▶ **DATA SUPPLIED**

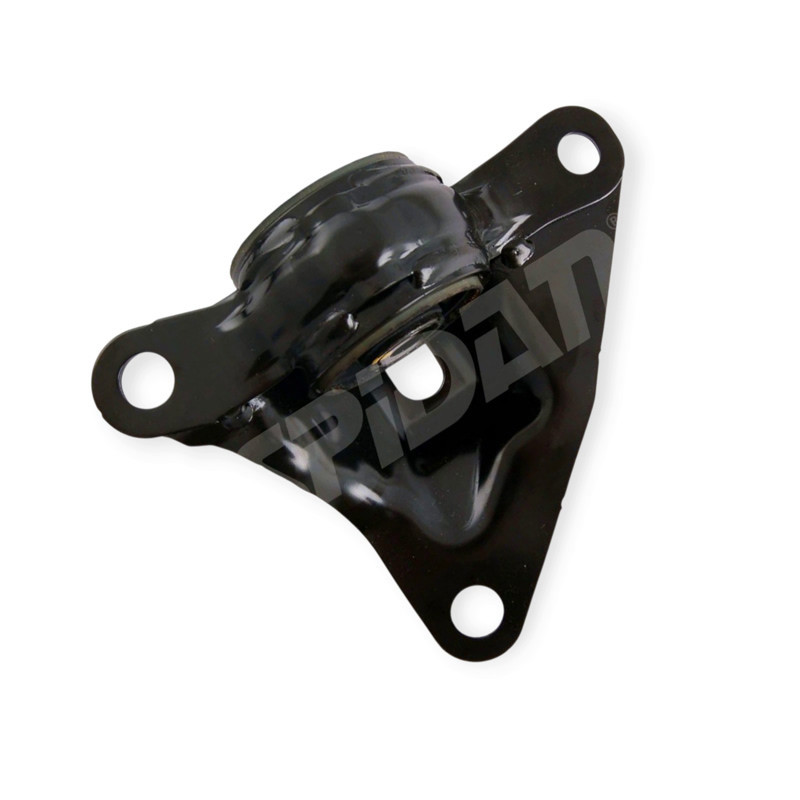 Сайлентблок переднього Хонда Jazz III, Insight (08-) нижній задній лівий L важеля Мукачево - фото 1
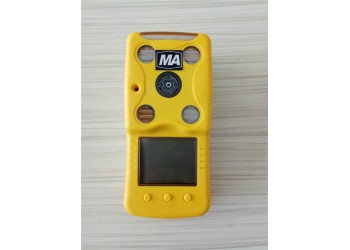 CD4多參數(shù)氣體測定器可檢測四種氣體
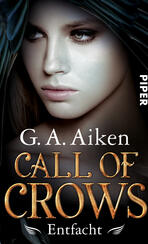 Call of Crows – Entfacht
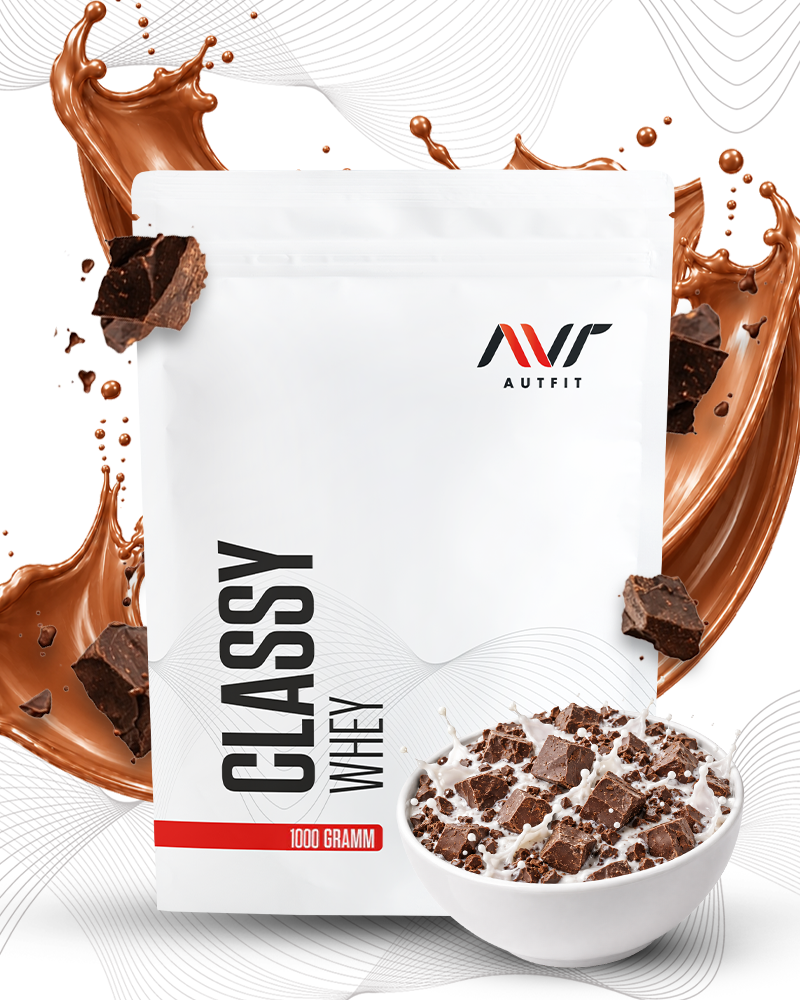 Classy Whey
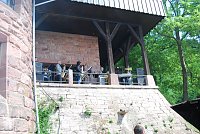 Bild: Eldorado am Kyffh&auml;user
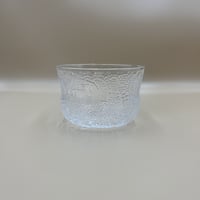 014)北欧 ヴィンテージ 廃盤品 NUUTAJARVI ヌータヤルヴィ / Flora フ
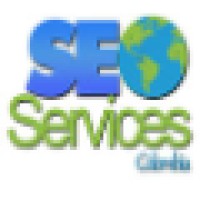 SEO Services Colombia Logo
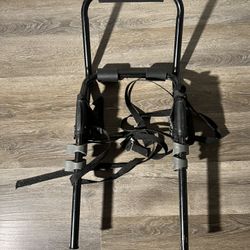 Schwinn 2-Bike Car Mount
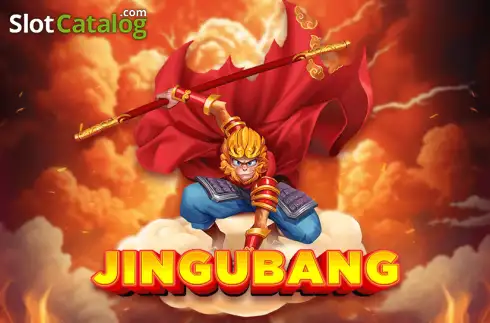 Jingu Bang Λογότυπο Jingu Bang Λογότυπο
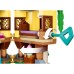 Конструктор LEGO Disney Princess Мінівежа Рапунцель (43294)
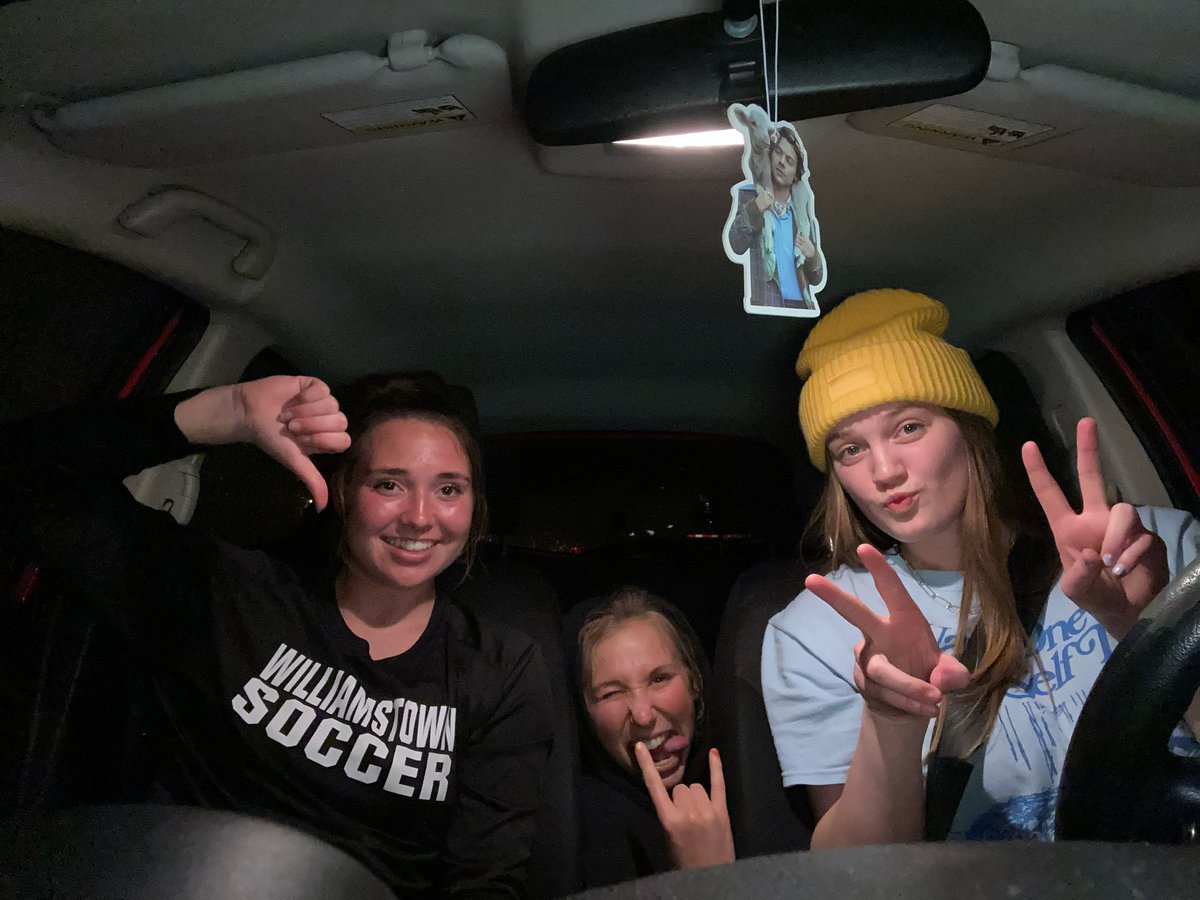 FIRST ASSASSINATION OF ROUND 2
ella &amp; sophie have assassinated emma &amp; lakyn💦💦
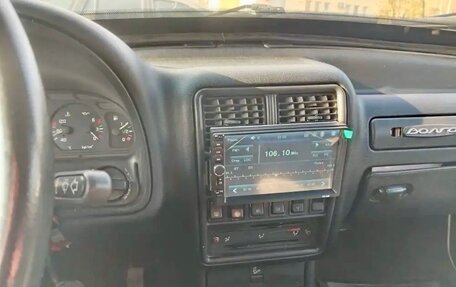 ГАЗ 3102 «Волга», 2001 год, 500 000 рублей, 7 фотография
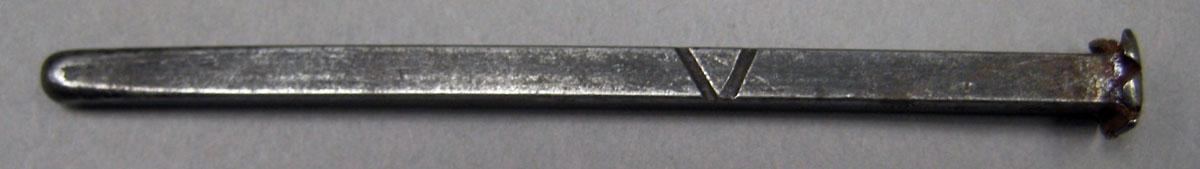 1974.0064.283 Tool (for metals)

▶ **INSTRUCTIONS FOR THE TASK**
Set down word for word, from the line that contains "Bild: Eldorado am Kyffh&auml;user" to the end of the listing above, every line and no picture.

▶ **ANSWER**
 Bild: Eldorado am Kyffh&auml;user
 014)北欧 ヴィンテージ 廃盤品 NUUTAJARVI ヌータヤルヴィ / Flora フ
 SEO Services Colombia Logo
 Schwinn 2-Bike Car Mount
 Jingu Bang Λογότυπο Jingu Bang Λογότυπο
 Конструктор LEGO Disney Princess Мінівежа Рапунцель (43294)
 FIRST ASSASSINATION OF ROUND 2
ella &amp; sophie have assassinated emma &amp; lakyn💦💦
 ГАЗ 3102 «Волга», 2001 год, 500 000 рублей, 7 фотография
 1974.0064.283 Tool (for metals)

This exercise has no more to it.